Siobhan quickly surmised that her reckless young friend had that situation well under control, so she moved off, looking for more targets. Not an easy proposition, the half-elf discovered when she was only fifty feet above the valley floor, for the rout was on in full. Both lines had broken apart, but Bellick’s skilled dwarvish warriors formed into tight battle groups, most resembling wedges, that sliced any attempted cyclopian formations apart. Cyclopian stragglers, separated from their ranks, were immediately overwhelmed by the supporting Eriadorans, buried under a barrage of hacking swords and axes, stuck by spears from several directions at once, or simply tackled and crushed under the weight of the rolling army.

At the valley mouth, Brind’Amour watched it all with satisfaction. He had done well—they all had—for now those cyclopians who managed to escape the ambush would flee all the way back to Avon with word of an invading army twice its actual size.

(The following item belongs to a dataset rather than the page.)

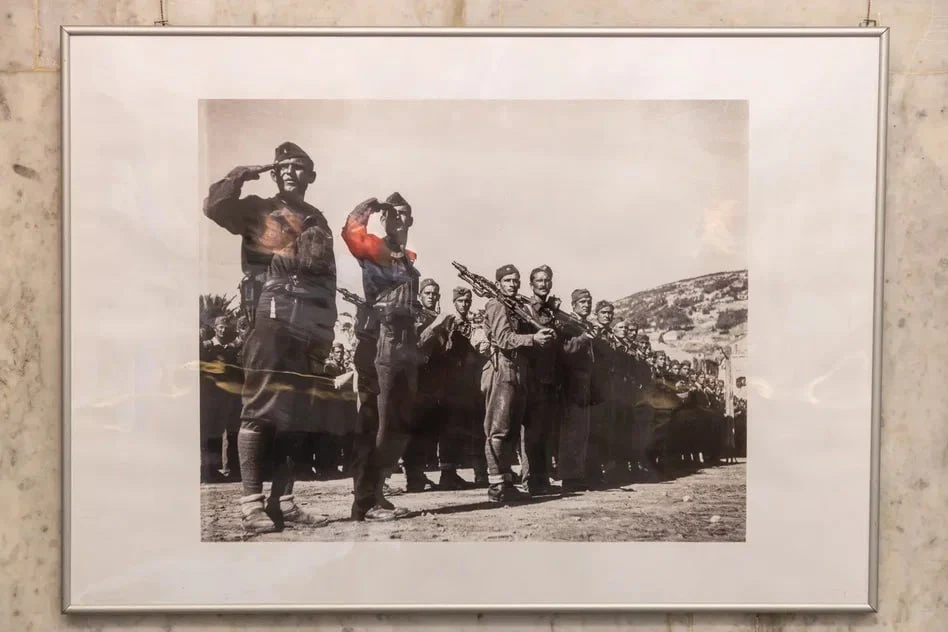 В Музее Победы открылась фотовыставка «Балканская хроника в объективе».  Экспозиция посвящена боевом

Several times as large, the wizard mused, for he knew that panicking, retreating soldiers had a way of making the enemy even greater than it truly was, even greater than a simple wizard’s trick had made it appear!

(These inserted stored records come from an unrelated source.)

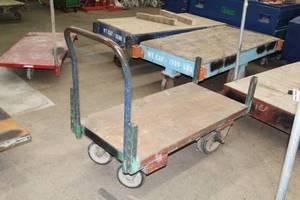 lot 1082 image: Industrial Cart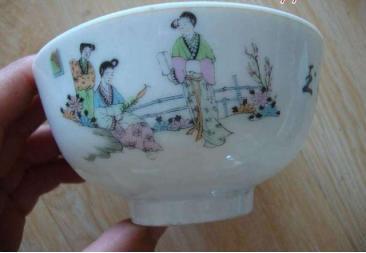 珑博告诉你如果在景德镇购买陶瓷，必须得懂这些秘密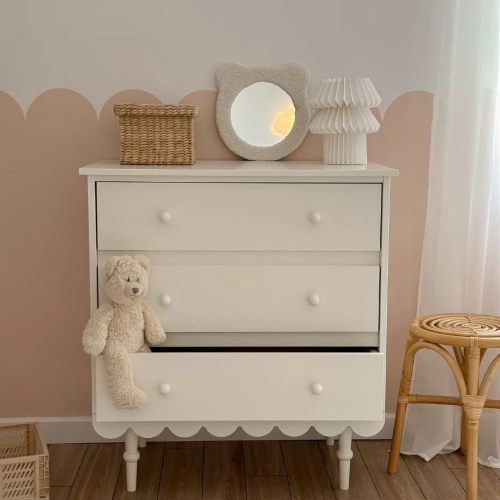 Biała komoda Babushka 3-szufladowa z koronkowym wykończeniem w stylu retro. Pojemne szuflady i opcja przewijaka. Stylowy mebel dziecięcy od Wood Luck Design.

The wizard spotted one skirmish, on the lower slopes of the western valley wall, where a handful of cyclopians had taken cover within a protective ring of huge stones. A group of elves were trying to get at them, but the ground favored the one-eyes.

Brind’Amour began to chant once more, lifted his arms out to the side and, as his words brought forth the magical energy, swept his arms together, clapping his hands.

The stones of the cyclopians’ defensive ring rolled together suddenly, squeezing the brutes, crushing a couple, and leaving the rest out in the open.

The elves were on them immediately, slender swords darting through the desperate defenses of the scrambling brutes, laying them low in a matter of seconds. One of the elves stood tall on the closed stones, shaking his head. He looked to the east, saw Brind’Amour standing quietly, and saluted the old wizard.